I think its a sure sign I need to get laid when every cloud in the sky looks like a penis.
similar to the time we made up the game of screaming at the top of our lungs any time a guy any of us slept with walked into the party. that went over SO well.
I wrote a list of all my homework due in the next few weeks. I feel I've done enough for tonight.
this is like black Friday for my dealer. I'm literally standing in line.
I had sex with her because I didn't want to hurt her feelings.. You're the one who told me I should be more sensitive.
she blew me in the men's room in the restaurant. it was a french bistro, so it was okay
Hmd? did you really just created an abbrievation for hold my dick?
My prof gave me extra credit for drawing a ninja on my paper and writing "ninja will up my grade"
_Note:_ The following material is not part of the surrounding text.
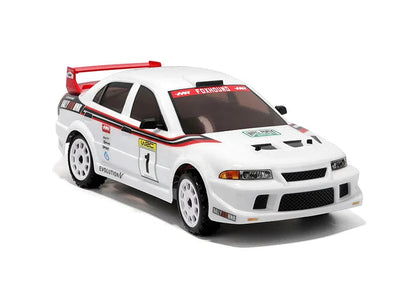 1/10 Scale Rally RC Car 2.4G 4WD 90km/h High Speed Metal Chassis On-Road Racing Car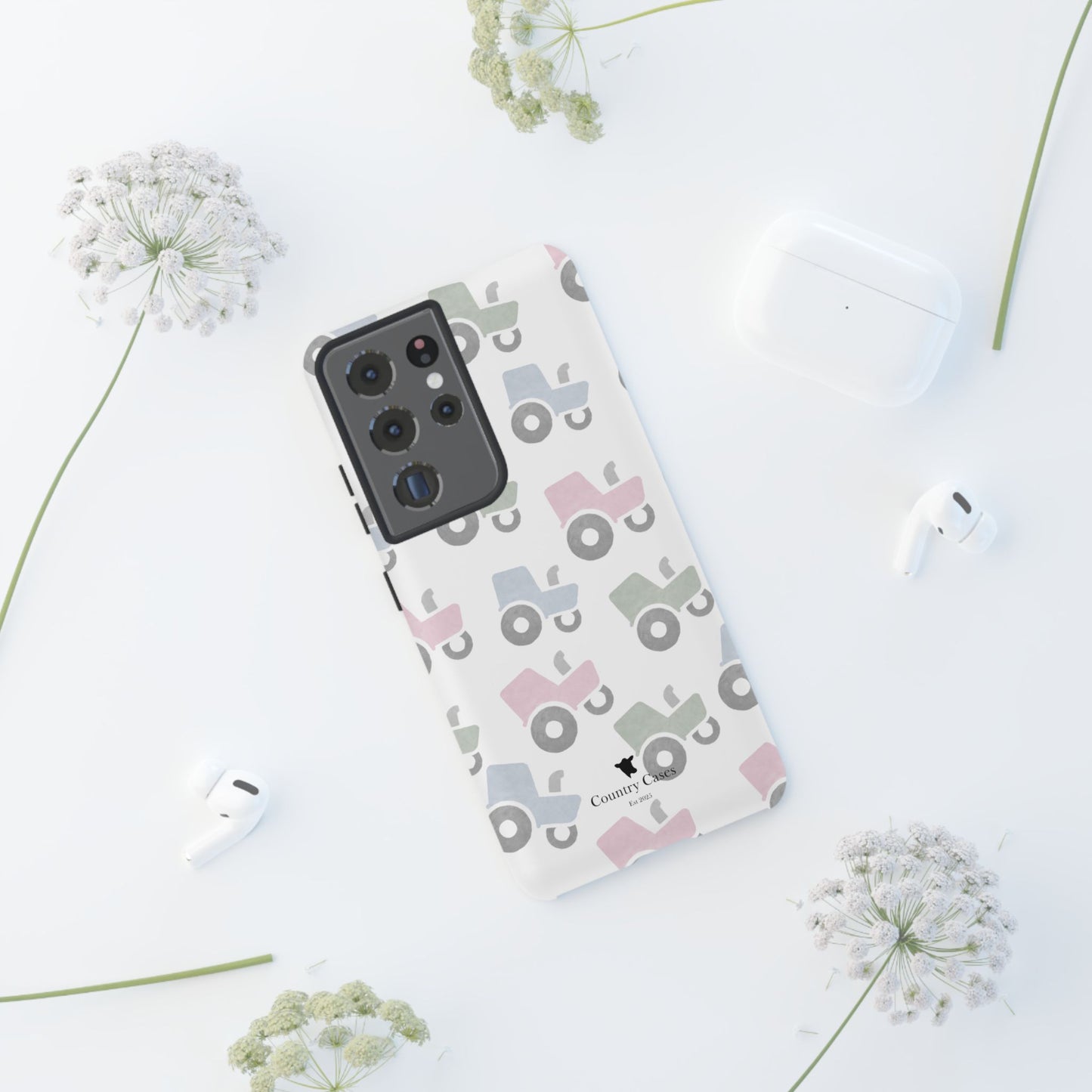 Android Pastel Tractor Case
The boat wouldn't start, so we brought it back to her house and we've been sitting in it in her driveway for the past 5 hours drinking beer and yelling at peoplee.
It wasn't good. I can tell by the way he fucks me he watched too much porn
My mom just made me promise her that i'll care about the next guy I sleep with
Spent tonight painting strippers in camo.
So, then you thought it was a good idea to dress up like the Hamburglar, buy a bag full of McDonalds hamburgers, go to Burger King and throw them at everyone while screaming "HAMBURGLAR!". At that point there was no stopping you.
wasn't that the evening we made out with the girls from the dental school, drank 3000 beers, almost had to beat up a guy at the strip club and James nailed some hot piece of tail and took her OSU windbreaker, which my dad went on to wear multiple times after finding it in the garage.
Yes. To all of that. Yes.
My boyfriend's mom is the manager of Wendy's. The same one I took a pregnancy test in.